Exodus 16, 17, 18; Matthew 27:1-26

Judas, the one who betrayed him, realized that Jesus was doomed. Overcome with remorse, he gave back the thirty silver coins to the high priests, saying, “I’ve sinned. I’ve betrayed an innocent man.”

They said, “What do we care? That’s your problem!” Matthew 27:3-4 (MSG)

So many times in my life I have come to a place where I realize that I did something wrong and have to repent before man and before God. I have been in Judas’ shoes countless times. Every day, various sins, usually regarding a bad attitude about something, creep into my life and I have to make a choice to hold onto those sins and continually walk in them or to give them over to Jesus and walk away from them in freedom.

Repentance is a 180 degree turning away from sin. It is feeling remorse for, feeling sorry for, feeling regret, being contrite (feeling or expressing pain or sorrow) for sins or offenses. These emotions are what Judas felt after realizing what he had actually done by betraying Jesus. He demonstrated his repentance by public confession to the priests and restitution by giving back the silver he had received for his sin. But Judas repented to the wrong man. He confessed to the priests and their response was full of rejection: “So what? It isn’t our problem; it is your problem!”

When I repent to someone, I hope that I will be forgiven by the person I offended, in spite of my sin. But I will admit that sometimes it is difficult for me to forgive someone who has hurt me. It takes me time to move into that place where ‘all is forgiven’; I find myself needing to forgive over and over again.

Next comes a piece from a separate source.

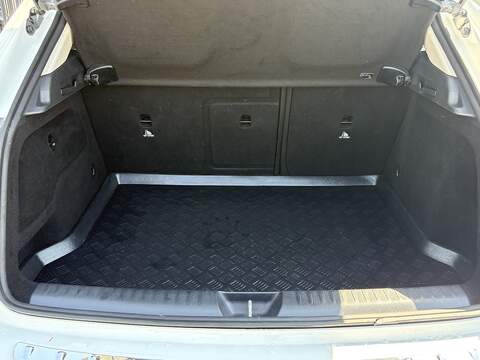 Mercedes-Benz GLA GLA180 Urban Edition - U678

It is the complete opposite for God. He will readily receive my repentance and forgive me without thought every time I ask, no matter how many times I have to ask. And He will do this for everyone. Time after time, throughout the past, present, and future, God forgives continually. Especially in the case of the Israelites who complained against God repeatedly saying, “If only we had stayed in Egypt…”

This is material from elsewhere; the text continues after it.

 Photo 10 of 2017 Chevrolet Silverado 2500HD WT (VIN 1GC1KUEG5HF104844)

In spite of their sin, God pardoned them, provided for them, and protected them. It is a beautiful picture of what Jesus did for me on the cross – he became a curse, he was spit on, beaten, and crucified so that I can walk in the forgiveness of my heavenly Father forever because I choose to believe in Him.

I am so glad that I have the opportunity to ask for forgiveness from the only God who loves me with an everlasting love, the living God who will always forgive me and pull me under His wing even though I sinned against him.

To be more Christ-like, I need to actively choose to forgive those who ask for forgiveness and speak the words, “I forgive you,” to them so that they will not be rejected like Judas was. God will forgive me when I ask, but in order to receive that forgiveness, I must also forgive those who offend me.

Without forgiveness, I can’t walk in freedom. Without forgiveness, I can’t walk in love. Without forgiveness, I can’t walk in healthy relationship with my husband, my daughter, my family, my friends, or even my enemies.

Because Judas didn’t seek forgiveness from the right source – Jesus – he didn’t receive the forgiveness and acceptance that he desired and it lead to his despair and suicide. It makes me wonder, had he sought out Jesus, like the thief on the cross, would he have been a great man in the kingdom of God in spite of his betrayal?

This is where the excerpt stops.